My appreciation for Roger Corman's 1960, original version of The Little Shop of Horrors increased quite a bit when I read it was shot in two days and one night. That's a pretty remarkable feat, particularly since there's a lot in the movie that genuinely works.
First of all, the concept, as I said when talking about the 1986 version, is so wonderfully evocative of conflicts between the human as an animal and the human as a more controlled, civilised creature. I said Dionysian versus Apollonian then--in the original move it's maybe closer to Satan versus God. The plant, in this case named Audrey Junior, is in this case more definitely tied to Seymour's bad or weak decisions. Particularly at the end, when the faces of the people Seymour's killed--or collected after death--appear in the buds of Audrey Junior at what's supposed to be Seymour's moment of supreme triumph.
None of the faces in the buds actually resemble the actors but, still, not bad for a forty eight hour shoot.
The biggest flaw in the movie, actually, is something I've noticed in the Roger Corman's movies I've seen on Mystery Science Theatre 3000--he's amazingly consistent at leaving dead space at the top of the frame.
You could actually improve this movie by cropping out the top and making it a widescreen film. Faces are always smack dab in the middle.
The performances aren't too great, except for Dick Miller and Jack Nicolson in a tiny role as the masochistic dental patient, played by Bill Murray in the 1986 version. The obviously sexual quality of Nicolson's screams of ecstasy as the drill went into his mouth were pretty remarkable for 1960.

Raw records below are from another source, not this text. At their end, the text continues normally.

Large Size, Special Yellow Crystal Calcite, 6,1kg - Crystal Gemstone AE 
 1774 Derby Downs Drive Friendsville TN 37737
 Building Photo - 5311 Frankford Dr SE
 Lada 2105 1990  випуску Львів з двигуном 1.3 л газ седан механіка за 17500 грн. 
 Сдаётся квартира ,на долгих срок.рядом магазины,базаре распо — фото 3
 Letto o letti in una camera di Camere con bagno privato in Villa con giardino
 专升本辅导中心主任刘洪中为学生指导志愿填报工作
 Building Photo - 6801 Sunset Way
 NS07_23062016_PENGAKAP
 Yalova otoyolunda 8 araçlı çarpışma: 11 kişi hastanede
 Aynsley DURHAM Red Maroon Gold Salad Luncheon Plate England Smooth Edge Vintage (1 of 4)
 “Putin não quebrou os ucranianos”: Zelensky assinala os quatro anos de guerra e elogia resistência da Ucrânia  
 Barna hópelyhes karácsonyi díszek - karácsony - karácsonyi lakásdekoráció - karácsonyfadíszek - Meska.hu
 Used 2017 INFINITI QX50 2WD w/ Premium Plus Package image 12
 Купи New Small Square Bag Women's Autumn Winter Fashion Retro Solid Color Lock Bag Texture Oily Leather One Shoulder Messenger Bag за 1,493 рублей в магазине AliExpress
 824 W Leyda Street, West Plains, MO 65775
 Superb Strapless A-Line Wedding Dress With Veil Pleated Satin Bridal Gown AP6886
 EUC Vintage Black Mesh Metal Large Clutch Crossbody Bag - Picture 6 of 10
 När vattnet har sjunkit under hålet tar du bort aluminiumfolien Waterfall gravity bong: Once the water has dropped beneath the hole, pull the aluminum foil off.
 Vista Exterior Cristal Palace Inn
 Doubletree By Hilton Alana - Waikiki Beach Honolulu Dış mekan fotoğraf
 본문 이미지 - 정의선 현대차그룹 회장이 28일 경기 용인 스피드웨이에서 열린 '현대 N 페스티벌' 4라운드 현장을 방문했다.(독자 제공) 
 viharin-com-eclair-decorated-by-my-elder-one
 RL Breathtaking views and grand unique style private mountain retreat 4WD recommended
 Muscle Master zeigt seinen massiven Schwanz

The performances were otherwise hampered a bit by a compulsion to have everyone behave with a very broad shtick, particularly in the case of Seymour, who was improved vastly in 1986 by Rick Moranis' natural oddness. Though the broadness did suit the cartoonish humour somewhat. I liked Seymour's hypochondriac mother, as I suspect anyone would who's known someone who seems constantly consumed with diseases and illnesses they might catch. The cops are funny, Dragnet parody hard boiled guys. They appear briefly but have my favourite lines in the movie--when one casually mentions he lost one of his kids last night because he was "playing with matches," and responds to his partner's perfunctory words of concern by saying simply, "That's the breaks."
And the other cop introduces himself in narration as "Fink. Detective Sergeant Joe Fink. I'm a fink."